**Task goal**
Print exactly the lines that run from the opening line of the material through the line with "Emporio Armani Ottoman", and nothing else, leaving out pictures.
◇ ◇ ◇ ◇ ◇ ◇ ◇
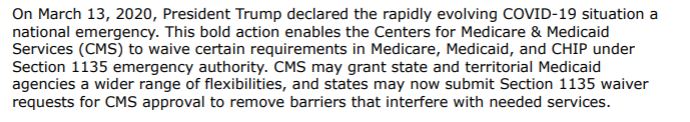Example 2—March 19—CMS again cites President Trump’s “bold action” in declaring a national emergency.
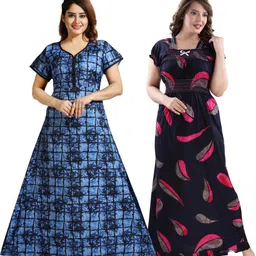Inner Beats Women Pack Of 2 Multicoloured Cotton Blend Nightdress-picture-30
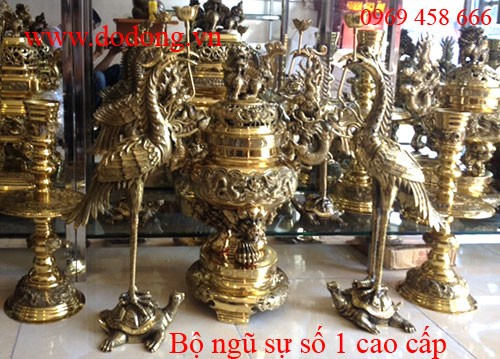 Bộ đỉnh đồng ngũ sự số 1dapha cao cấp phù hợp bàn thờ 88x197cm đến 212cm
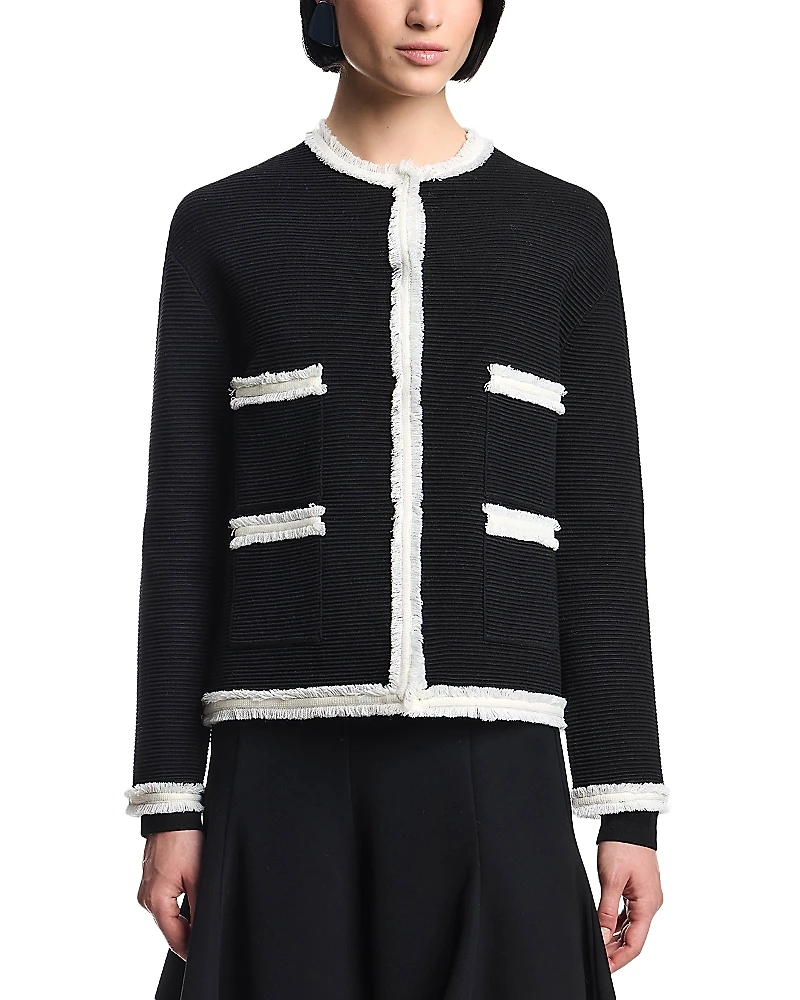 Emporio Armani Ottoman Stitch Knit Jacket with Fringe Hems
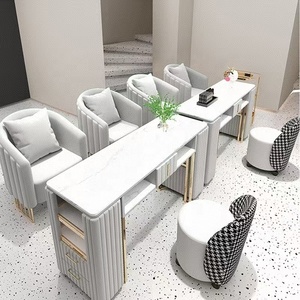 <b>Nail</b> Salon Furniture Set Modern Scandinavian-Style Single/Double-Seater Metal <b>Nail</b> Station-Durable <b>Nail</b> Table Bedroom Hospital - Product Image 1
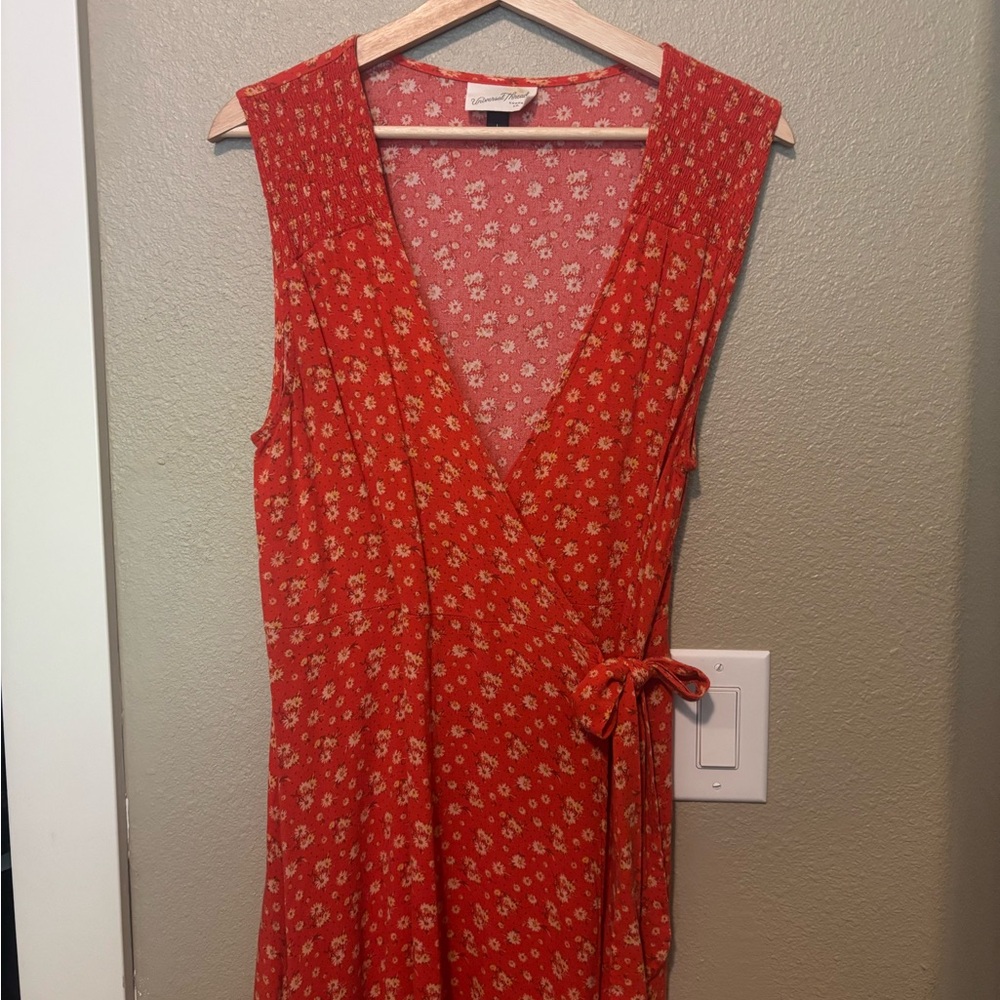 Vintage Threads Red/Orange Wrap Maxi Dress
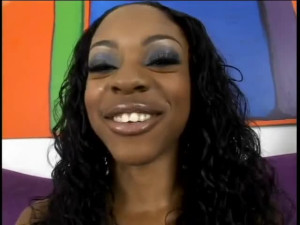 Black stud wearing glasses fucks shaved cunt of sexy ebony teen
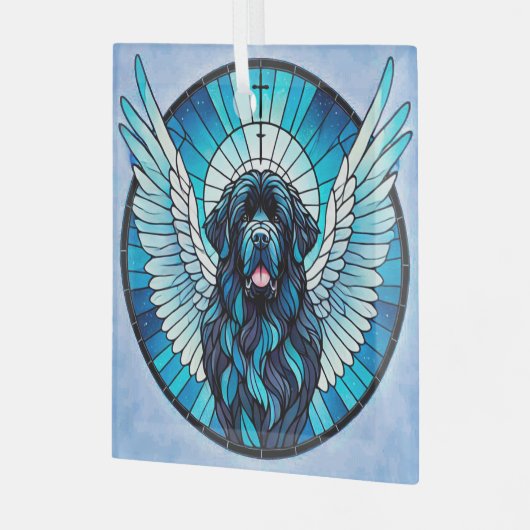 Newfoundland Dog Blue Angel Memorial Suncatcher Glas Ornament (Voorkant links)
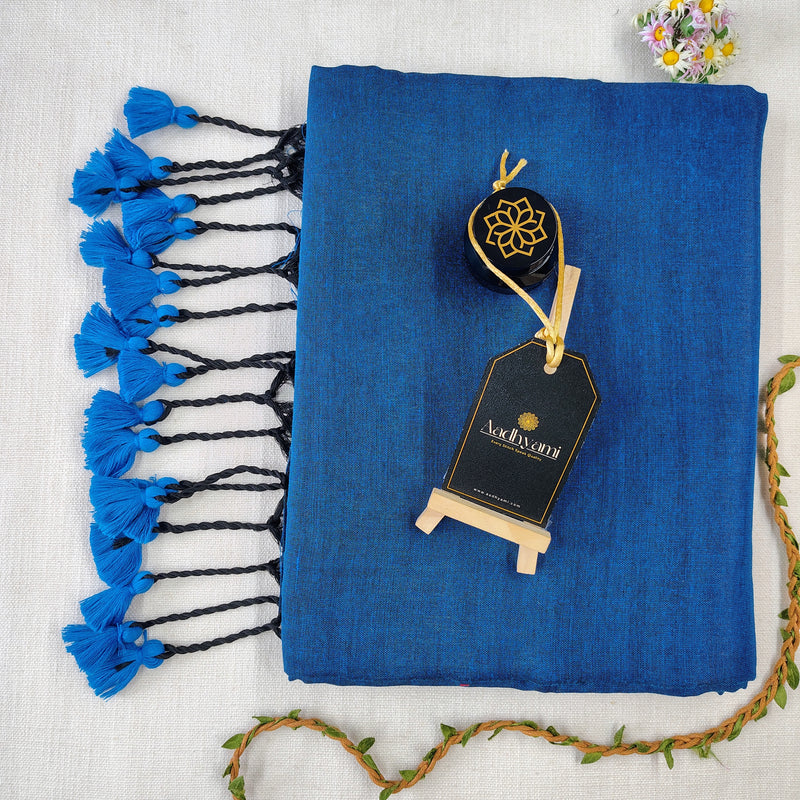 Firozi Handloom Cotton Saree With Designer Blouse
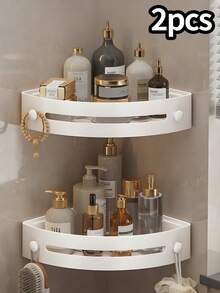 2/3 件装防锈塑料淋浴置物架 - 壁挂式浴室收纳架，弧形设计，可放置洗发水、化妆品和洗漱用品 - 节省空间，适合小型浴室，浴室收纳及配件 - 白色 - 查看 8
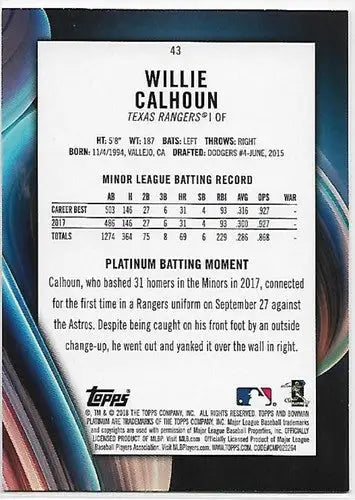 Willie Calhoun baseball card back from Bowman Platinum 2018 Rookie Rangers original gloss
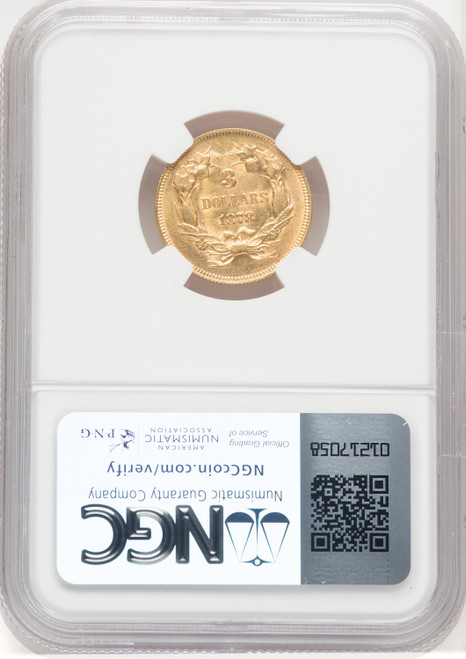 1878 $3 Three Dollar Gold Pieces NGC MS63 (767997001)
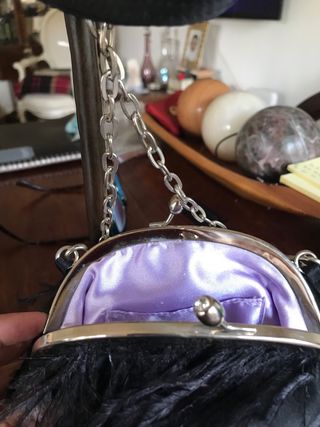 Bolso de fiesta Mango negro plumas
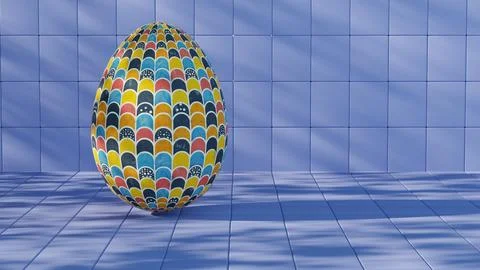 3D minimalist Easter egg design featuring a retro wave pattern, blending mode Stockillustratie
◇ ◇ ◇ ◇ ◇ ◇ ◇
**Task result**
Example 2—March 19—CMS again cites President Trump’s “bold action” in declaring a national emergency.
Inner Beats Women Pack Of 2 Multicoloured Cotton Blend Nightdress-picture-30
 Bộ đỉnh đồng ngũ sự số 1dapha cao cấp phù hợp bàn thờ 88x197cm đến 212cm
 Emporio Armani Ottoman Stitch Knit Jacket with Fringe Hems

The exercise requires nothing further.